[Data records — start]

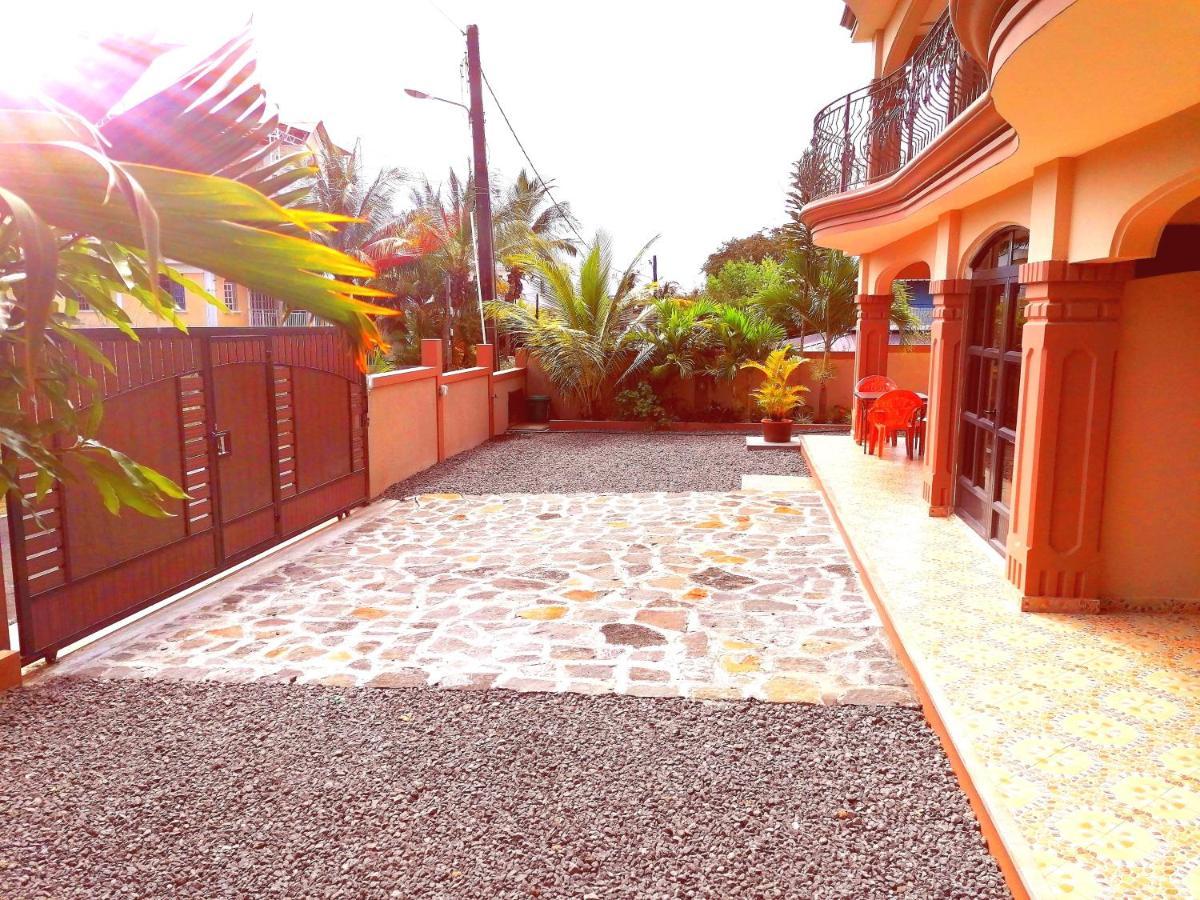 Sand Castle Villa تراوْ أوكس بيتْشيز المظهر الخارجي الصورة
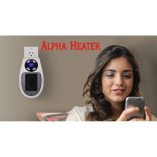 Alpha Heater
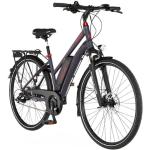 FISCHER E-Bike Pedelec Trekking Viator 1.0 Damen, Rahmenhöhe 44 cm, 28 Zoll - versch. Varianten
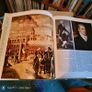 11 Volumes of 'Milestones of History's - Hardback Image 5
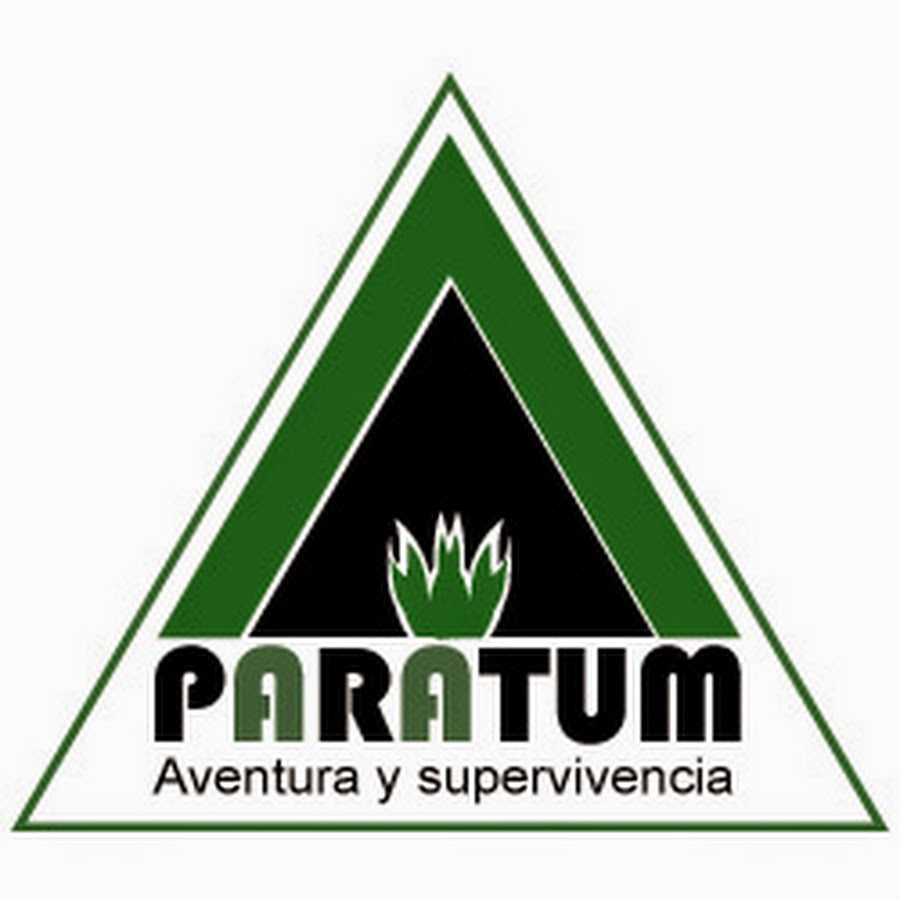 Paratum: Aventura y supervivencia YouTube 频道头像
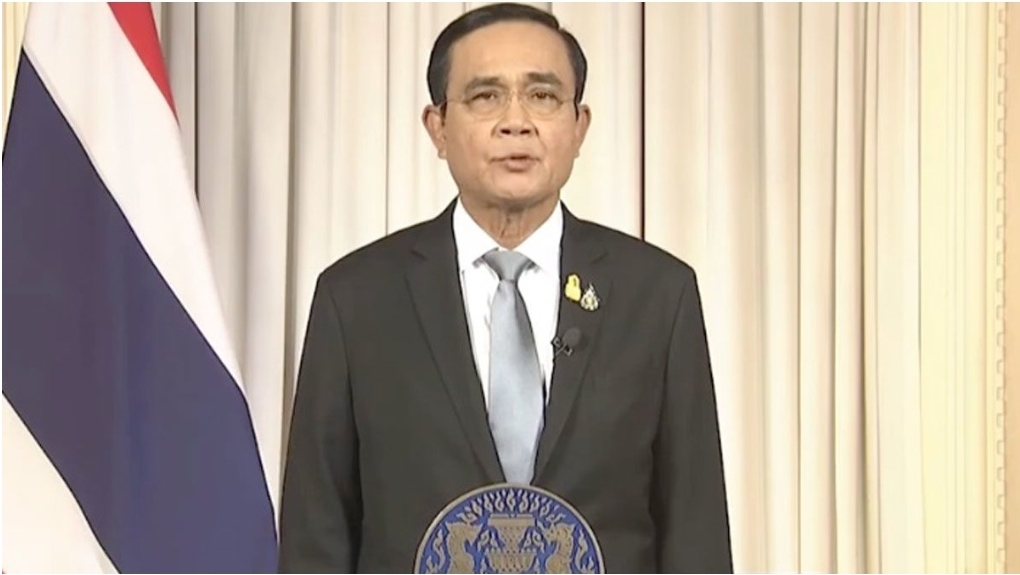 บิ๊กตู่ แถลง 7 ทางออกเศรษฐกิจ หลังเดินสายจับเข่าสมาคมภาคธุรกิจ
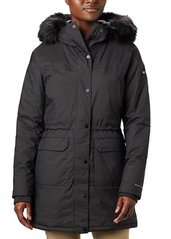 1860361CLB-010 L Куртка жіноча Hawks Prairie™ II Jacket чорний р.L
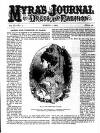 Myra's Journal of Dress and Fashion Friday 01 March 1878 Page 7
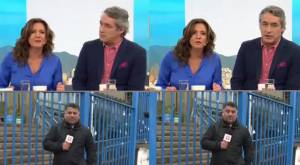 "¿De qué estamos hablando?": Priscilla Vargas descargó su furia por abusos en Talcahuano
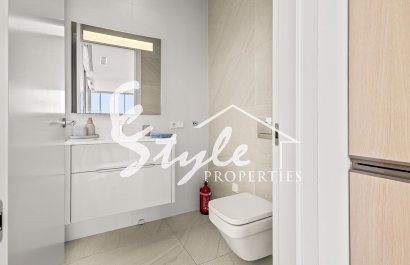 Resale - Villa - Las Colinas - Las Colinas Golf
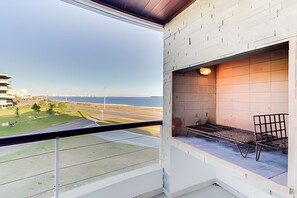 Apartment | Property grounds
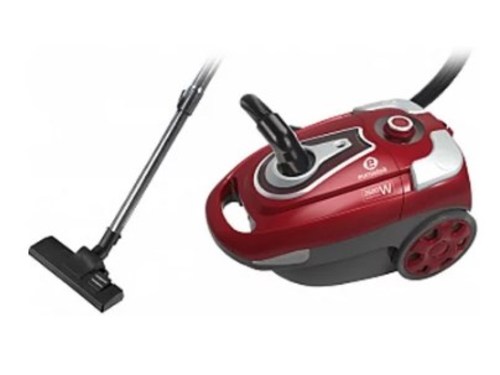 Пылесос Eurostek EVC-3514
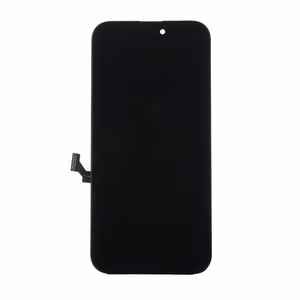 LCD Display with touch screen jaoks iPhone 15 Plus Incell FHD must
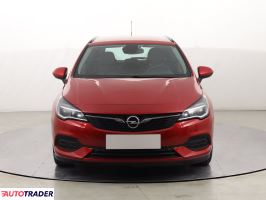 Opel Astra 2019 1.2 128 KM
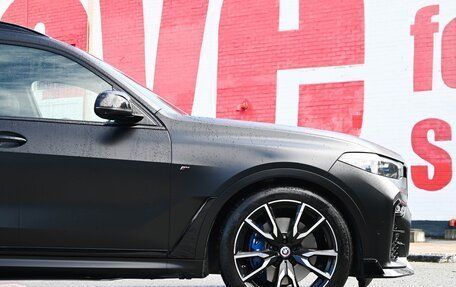 BMW X7, 2021 год, 8 999 000 рублей, 12 фотография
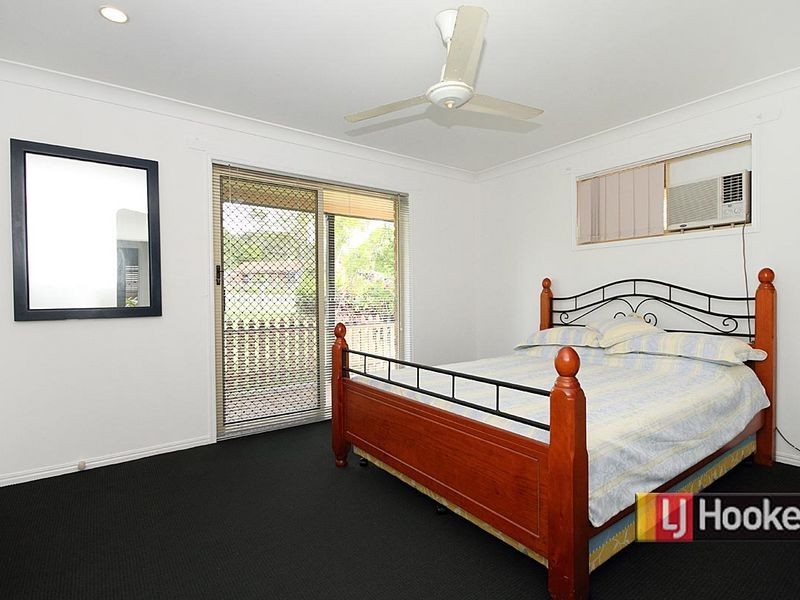 Cedar Grove QLD 4285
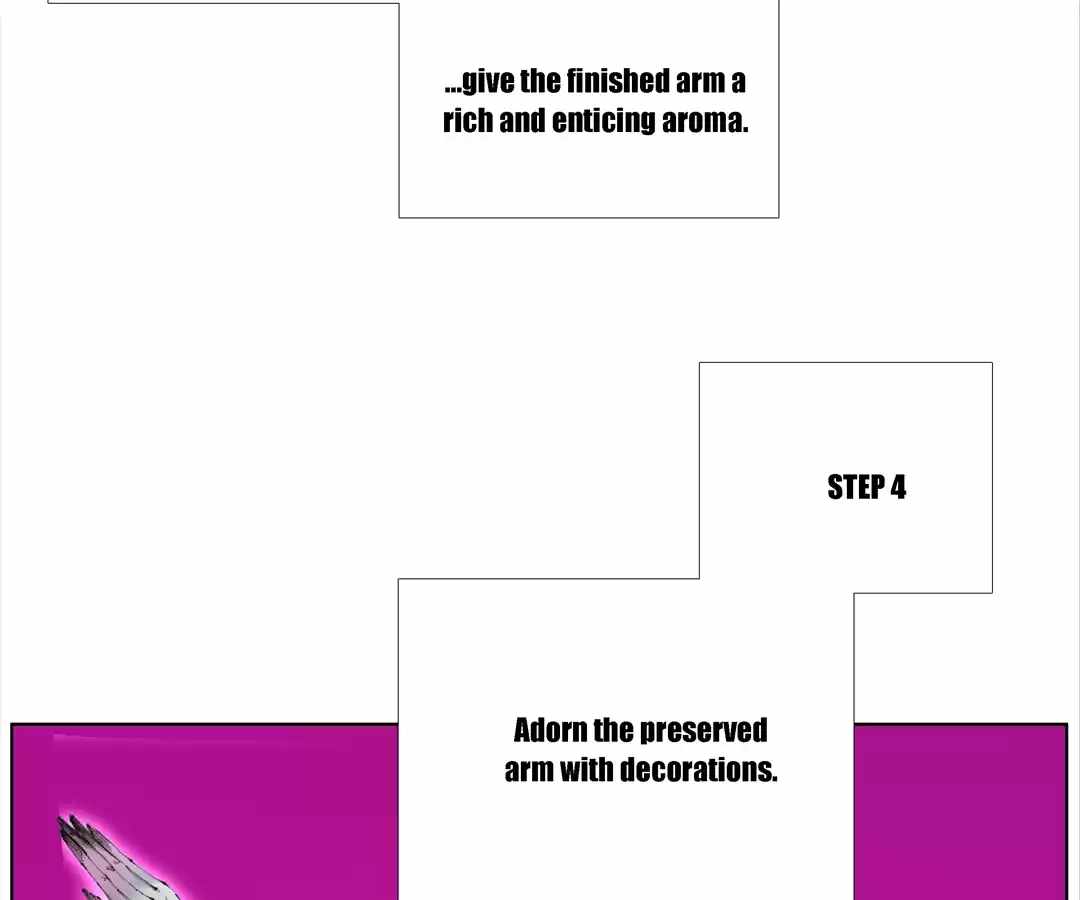 Nine Methods of Ascending the Clouds: First Ranked Immortal Chapter 35 page 8 - 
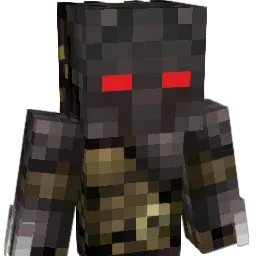 Hunter_Andy212 Minecraft avatar bust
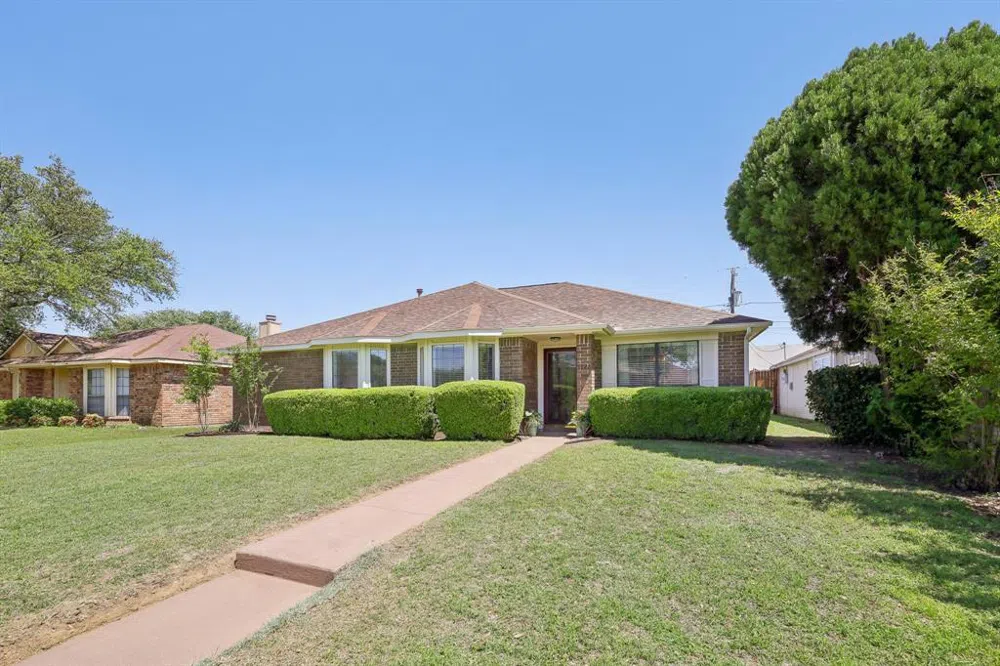 5226 Freestone Circle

[Data records — finish]

- **Task description**: The pictures stay out of the copy. Set down the entries above precisely.

- **Answer to the exercise**:
 Sand Castle Villa تراوْ أوكس بيتْشيز المظهر الخارجي الصورة
 Alpha Heater
 FISCHER E-Bike Pedelec Trekking Viator 1.0 Damen, Rahmenhöhe 44 cm, 28 Zoll - versch. Varianten
 11 Volumes of 'Milestones of History's - Hardback Image 5
 Paratum: Aventura y supervivencia YouTube 频道头像
 บิ๊กตู่ แถลง 7 ทางออกเศรษฐกิจ หลังเดินสายจับเข่าสมาคมภาคธุรกิจ
 1860361CLB-010 L Куртка жіноча Hawks Prairie™ II Jacket чорний р.L
 Myra's Journal of Dress and Fashion Friday 01 March 1878 Page 7
 "¿De qué estamos hablando?": Priscilla Vargas descargó su furia por abusos en Talcahuano
 Resale - Villa - Las Colinas - Las Colinas Golf
 Apartment | Property grounds
 Пылесос Eurostek EVC-3514
 LCD Display with touch screen jaoks iPhone 15 Plus Incell FHD must
 Opel Astra 2019 1.2 128 KM
 BMW X7, 2021 год, 8 999 000 рублей, 12 фотография
 Cedar Grove QLD 4285
 Nine Methods of Ascending the Clouds: First Ranked Immortal Chapter 35 page 8 - 
 Hunter_Andy212 Minecraft avatar bust
 5226 Freestone Circle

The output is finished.